1) How are these three concepts, justification, forgiveness, and pardon, related? What is the unifying idea behind all three?

2) How are these three concepts each distinct?


----------



## Ask Mr. Religion (Sep 25, 2017)

It would help if you could tease out a wee bit of what you are seeking here as I am hesitant to assume where you are going. Here is a first stab at your questions.

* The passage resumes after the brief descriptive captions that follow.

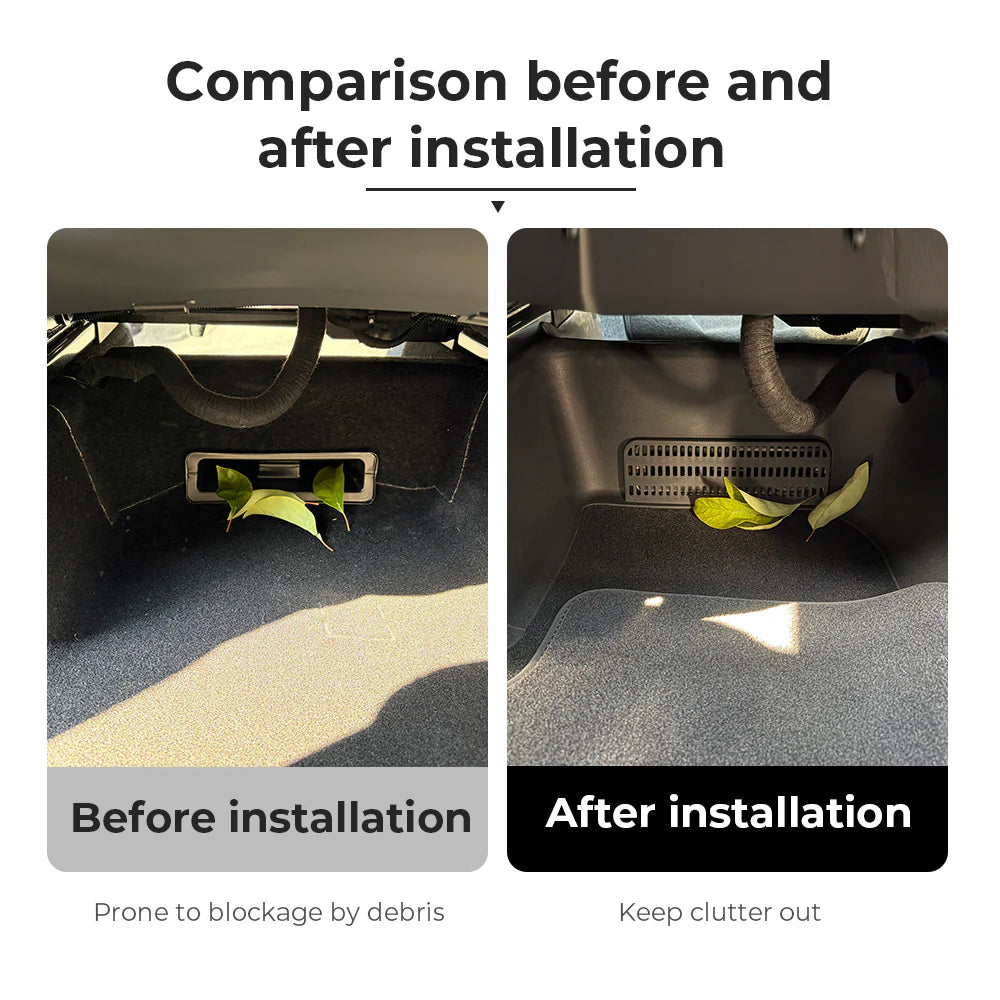 Custom Seat Slide Rail Protectors for Tesla Model Y L 6-Seater 2026+ – Full Under Seat Track Covers, Premium TPE Interior Protection Kit (OEM Fit, Anti-Dust & Scratch Resistant)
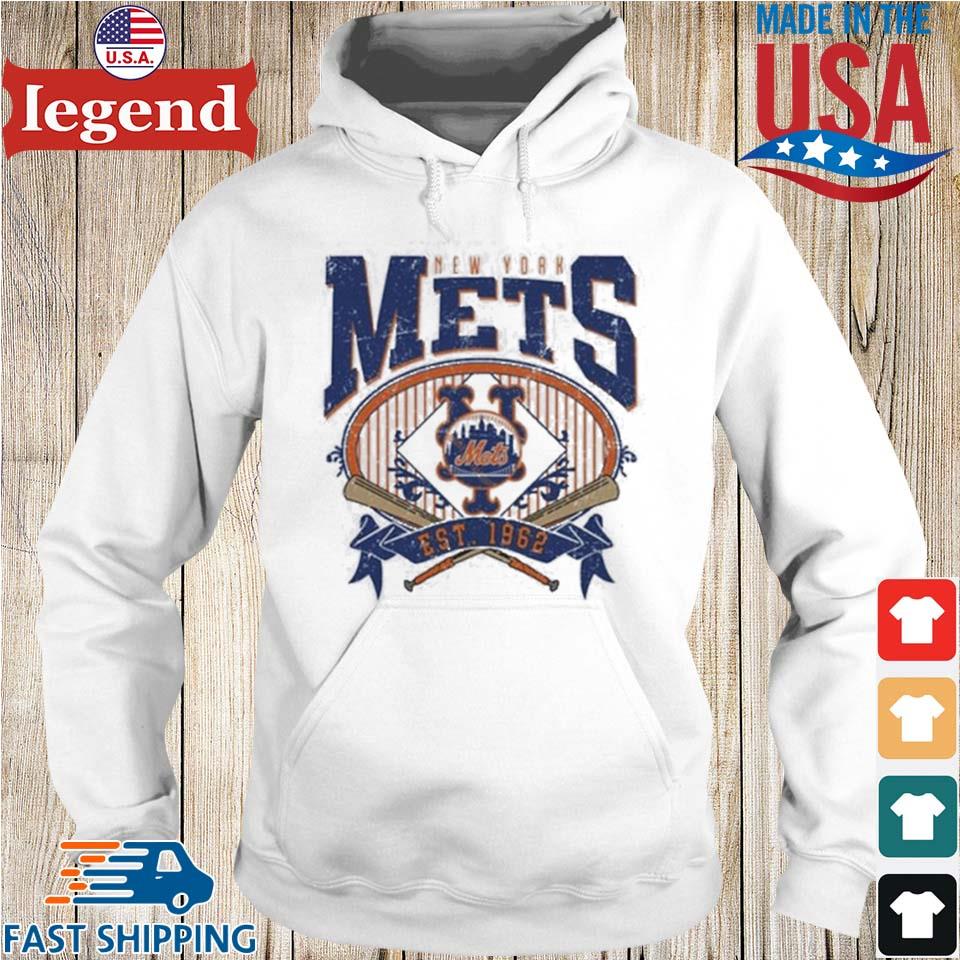 New York Mets EST 1962 Vintage Baseball T-Shirt, hoodie, sweater, long  sleeve and tank top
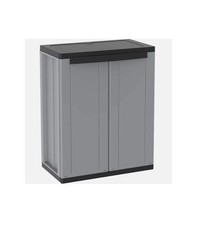 ARMADIO TERRY 2 ANTE - DA ESTERNO E INTERNO - 68X38XH 85 TUTTO PIANI J-LINE 68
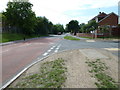 Junction of Water Lane and Hammond Way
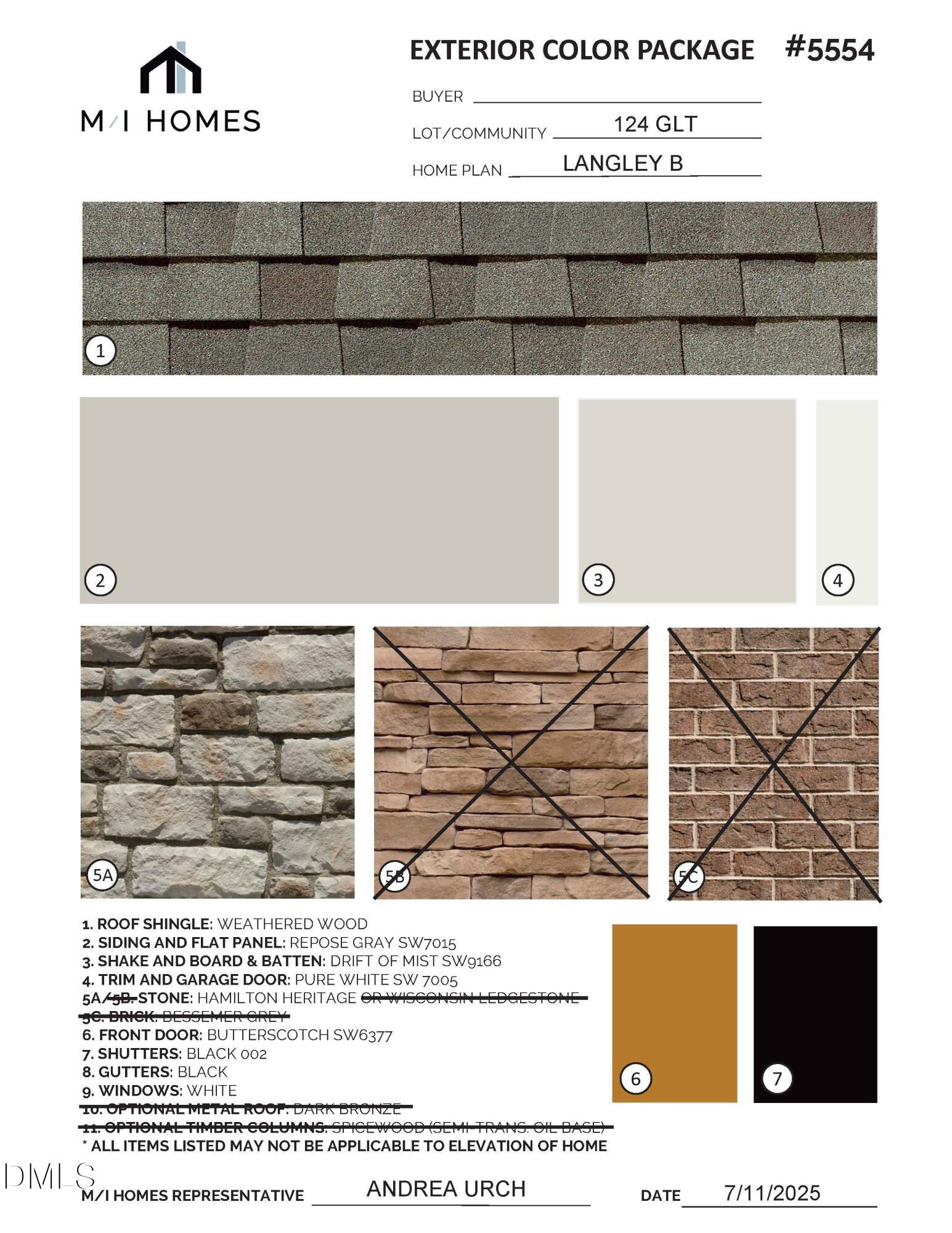 7134 Mystic Sea Lane Lot 124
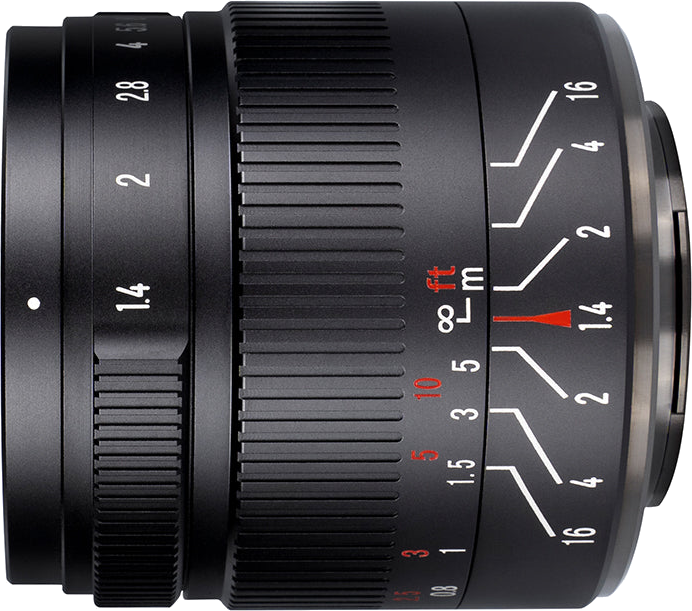 7Artisans MF 55mm f/1.4 II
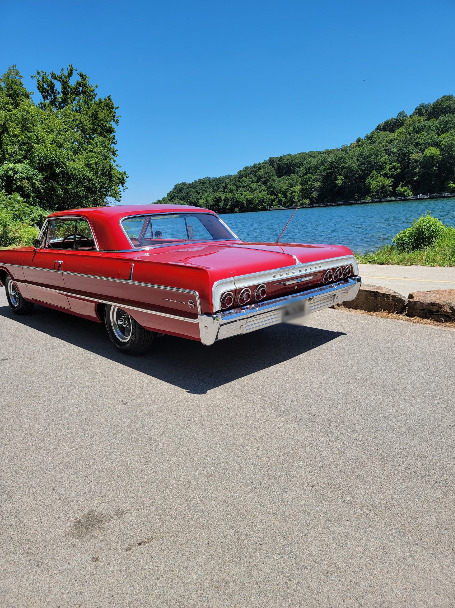 1964 chevrolet impala coupe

If you are _justified _you have been judicially declared innocent (exonerated, absolved, vindicated).
If you have been _forgiven_, you are not innocent; your guilt and the consequences of your guilt remain.
If you have been pardoned, the consequences you are due from your guilt have been set aside.

Biblically,
- Our _justification _is an _alien righteousnes_s, that of another, Our Lord.
- Our _forgiveness _(dismissal of debt owed) comes by our faith in the object of that faith, He who bore our guilt and satisfied the consequences of our guilt.
- Our _pardon _comes from our repentance and the free grace of God in granting our pardon that has been secured by Our Lord (WCF 15:1-3).
- _Faith_, followed by _repentance_ (see Auchterarder Creed) are the _first fruits_ of our quickening (regeneration).

Reactions: Like 1 | Informative 1


----------



## Gforce9 (Sep 25, 2017)

Matt,
I think Richard Gaffin has made an excellent case that all these are resultant of union with Christ.


----------